Eckert K A, Hile S E
The Jake Gittlen Cancer Research Institute, The Pennsylvania State University College of Medicine, PO Box 850, Hershey, PA 17033, USA.
Mutat Res. 1998 Dec 3;422(2):255-69. doi: 10.1016/s0027-5107(98)00206-1.
We have analyzed the mutational spectra produced during in vitro DNA synthesis by DNA polymerase alpha-primase and DNA polymerase beta. The polymerase mutation frequency as measured in the in vitro herpes simplex virus thymidine kinase (HSV-tk) forward assay was increased when reactions utilized single-stranded DNA templates randomly modified by 20 mM N-ethyl-N-nitrosourea (ENU), relative to solvent-treated templates. A 20- to 50-fold increase in the frequency of G-->A transition mutations was observed for both polymerases, as expected due to mispairing by O6-ethylguanine lesions. Strikingly, ENU treatment of the template also resulted in a five- to 12-fold increased frequency of frameshift errors at heteropolymeric (non-repetitive) template sequences produced by polymerase beta and polymerase alpha-primase, respectively. The increased proportion of frameshift mutations at heteropolymeric sequences relative to homopolymeric (repetitive) sequences produced by each polymerase in response to ENU damage was statistically significant. For polymerase alpha-primase, one-base deletion errors at template guanine residues was the second most frequent mutational event, observed at a frequency only four-fold lower than the G-->A transition frequency. In the polymerase beta reactions, the frequency of insertion errors at homopolymeric (repetitive) sequences was increased six-fold using alkylated templates, relative to solvent controls. The frequency of such insertion errors was only three-fold lower than the frequency of G-->A transition errors by polymerase beta. Although ENU is generally regarded as a potent base substitution mutagen, these data show that monofunctional alkylating agents are capable of inducing frameshift mutations in vitro. Alkylation-induced frameshift mutations occur in both repetitive and non-repetitive DNA sequences; however, the mutational specificity is dependent upon the DNA polymerase.
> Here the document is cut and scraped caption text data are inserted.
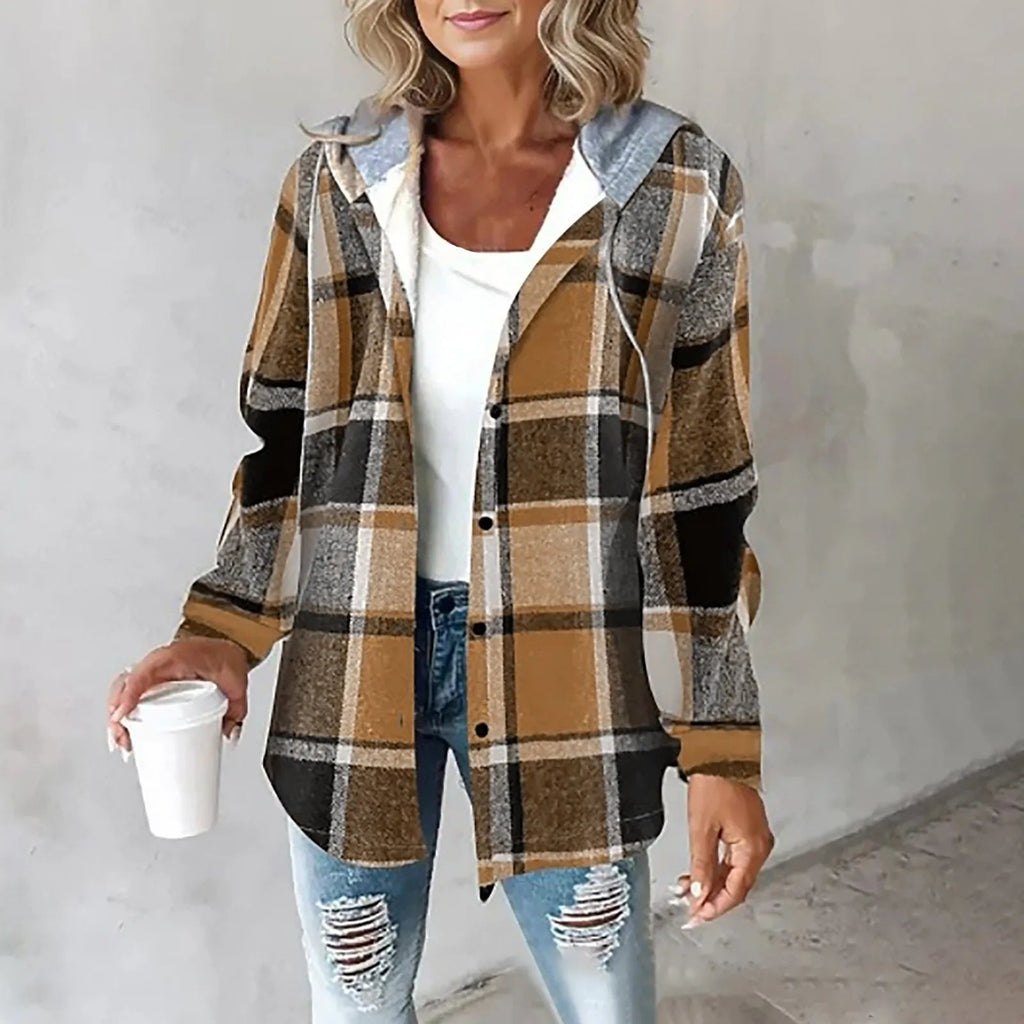 Hemdjacke Damen grün kariert mit Kapuze und weitem Schnitt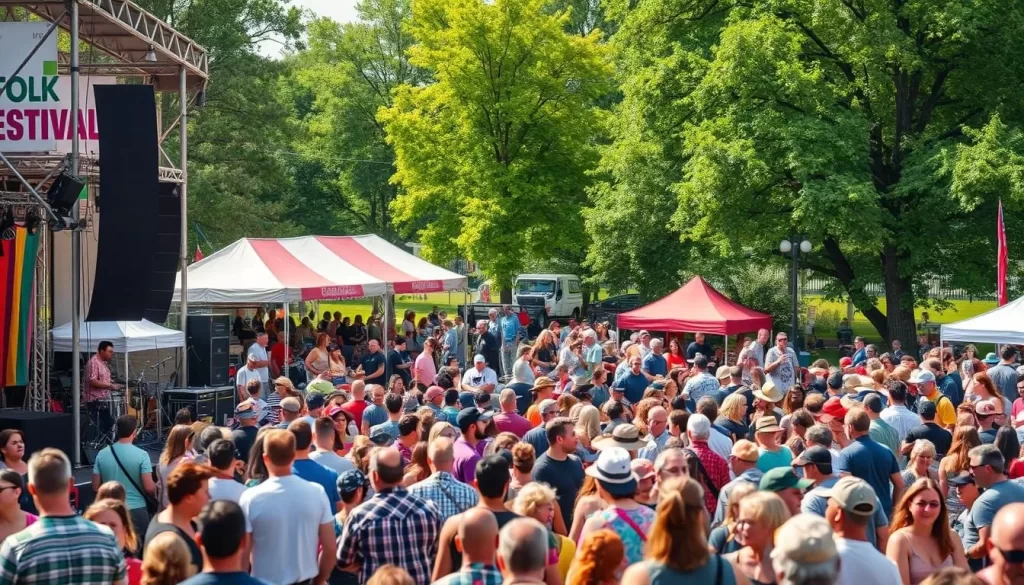 Generate an image of the Calgary Folk Music Festival at Prince's Island Park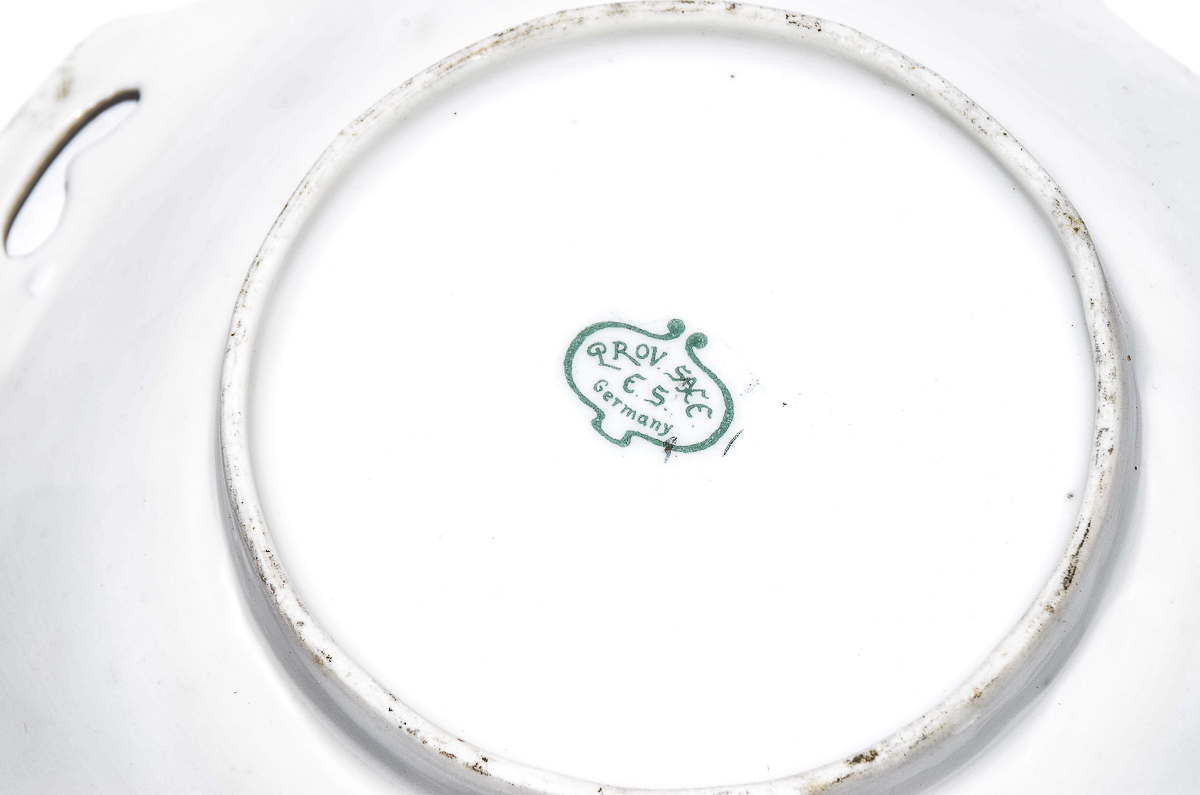 Collection of Antique Hand-Painted Porcelain and Glass Kitchenware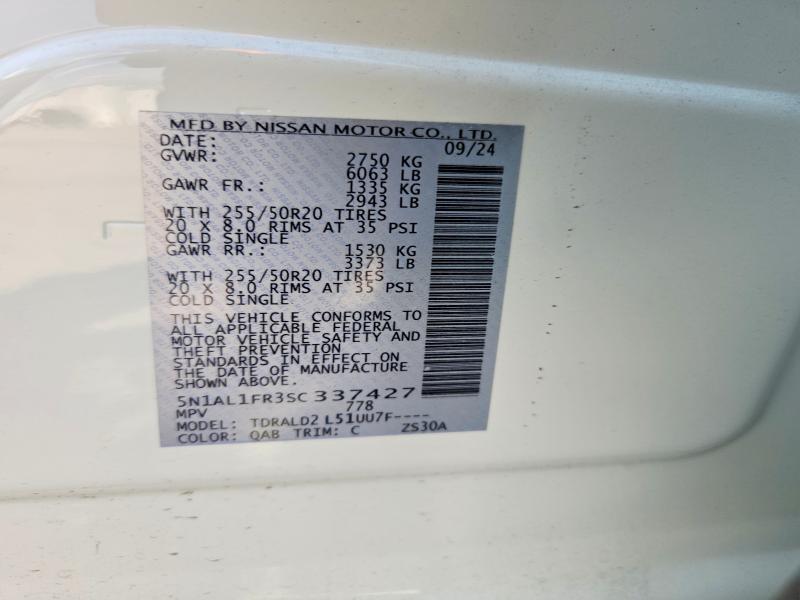 Продажа на аукционе авто 2025 Infiniti Qx60, vin: 5N1AL1FR3SC337427, номер лота: 46952466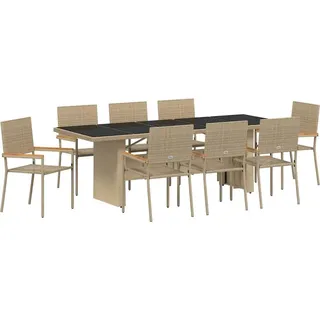 vidaXL Garten Essgruppe 9 pcs Beige Poly-Rattan - Beige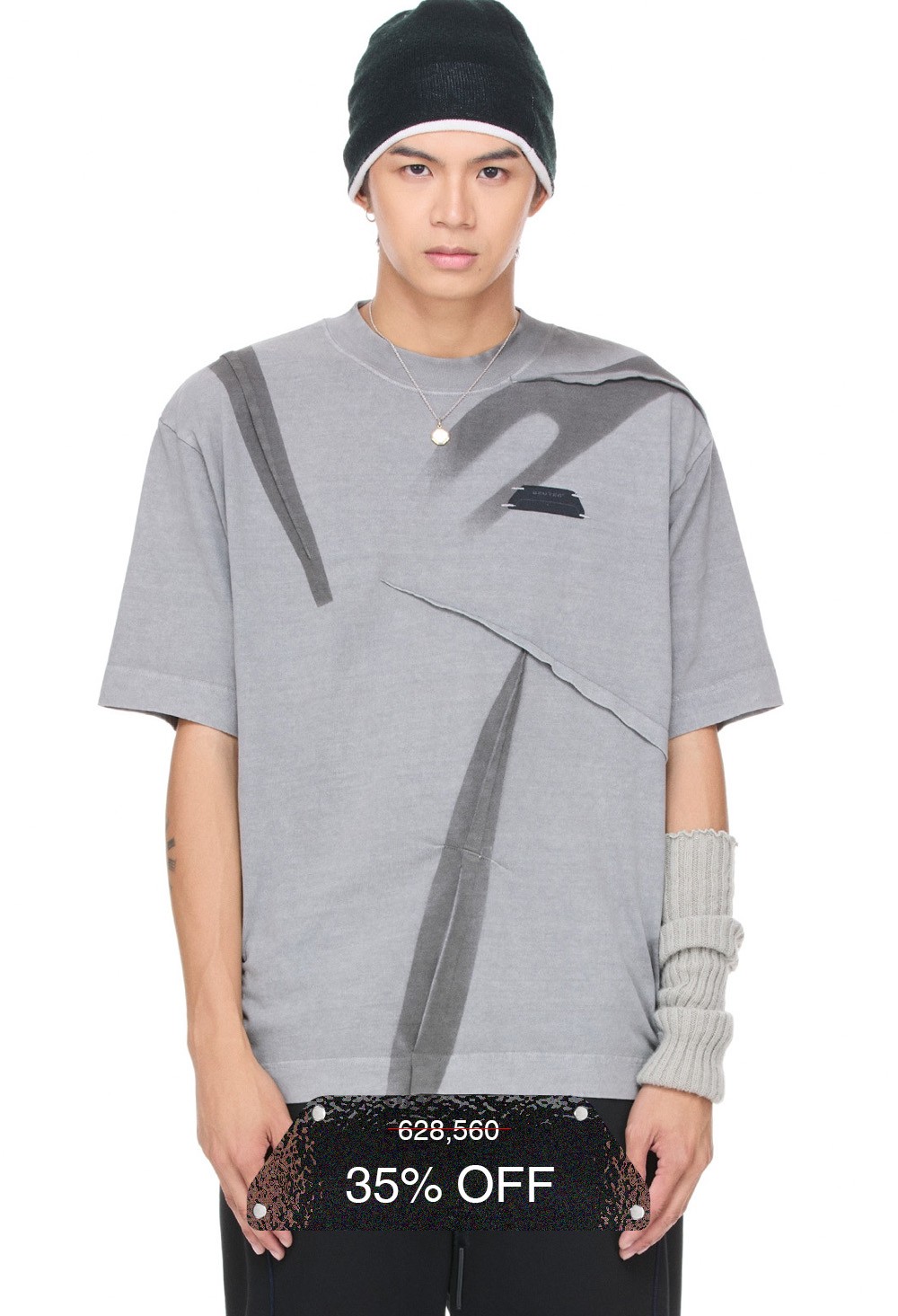 BEUTER® GREY SILVER WRINKLED T-SHIRT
我们分析了DNA聚合酶α-引发酶和DNA聚合酶β在体外DNA合成过程中产生的突变谱。在体外单纯疱疹病毒胸苷激酶(HSV-tk)正向试验中测得的聚合酶突变频率,当反应使用经20 mM N-乙基-N-亚硝基脲(ENU)随机修饰的单链DNA模板时,相对于溶剂处理的模板有所增加。正如预期的那样,由于O6-乙基鸟嘌呤损伤导致错配,两种聚合酶的G→A转换突变频率均增加了20至50倍。引人注目的是,ENU处理模板还分别导致由聚合酶β和聚合酶α-引发酶产生的异聚体(非重复)模板序列处的移码错误频率增加了5至12倍。相对于每种聚合酶响应ENU损伤产生的同聚体(重复)序列,异聚体序列处移码突变比例的增加具有统计学意义。对于聚合酶α-引发酶,模板鸟嘌呤残基处的单碱基缺失错误是第二常见的突变事件,其观察频率仅比G→A转换频率低四倍。在聚合酶β反应中,使用烷基化模板时,同聚体(重复)序列处的插入错误频率相对于溶剂对照增加了六倍。这种插入错误的频率仅比聚合酶β的G→A转换错误频率低三倍。尽管ENU通常被认为是一种强效的碱基置换诱变剂,但这些数据表明单功能烷基化剂能够在体外诱导移码突变。烷基化诱导的移码突变发生在重复和非重复DNA序列中;然而,突变特异性取决于DNA聚合酶。